[Collected data entries]
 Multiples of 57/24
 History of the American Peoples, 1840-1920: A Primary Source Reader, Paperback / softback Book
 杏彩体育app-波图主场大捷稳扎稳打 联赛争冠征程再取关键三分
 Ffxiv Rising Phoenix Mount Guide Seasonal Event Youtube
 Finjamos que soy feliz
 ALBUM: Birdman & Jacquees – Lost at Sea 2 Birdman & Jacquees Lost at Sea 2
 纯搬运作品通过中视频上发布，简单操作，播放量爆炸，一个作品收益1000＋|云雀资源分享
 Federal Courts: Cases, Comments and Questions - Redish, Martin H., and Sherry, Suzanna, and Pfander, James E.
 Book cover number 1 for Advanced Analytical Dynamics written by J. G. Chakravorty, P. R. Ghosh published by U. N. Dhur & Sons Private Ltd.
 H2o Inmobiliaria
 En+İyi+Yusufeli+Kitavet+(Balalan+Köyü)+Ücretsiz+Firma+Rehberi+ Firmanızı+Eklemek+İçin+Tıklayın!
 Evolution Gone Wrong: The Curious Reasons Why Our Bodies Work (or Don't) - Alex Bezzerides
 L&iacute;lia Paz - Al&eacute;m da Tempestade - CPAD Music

**EXERCISE REQUIREMENTS**
Match on "Book": copy every line in the records that has it.

**TASK SOLUTION**
 History of the American Peoples, 1840-1920: A Primary Source Reader, Paperback / softback Book
 Book cover number 1 for Advanced Analytical Dynamics written by J. G. Chakravorty, P. R. Ghosh published by U. N. Dhur & Sons Private Ltd.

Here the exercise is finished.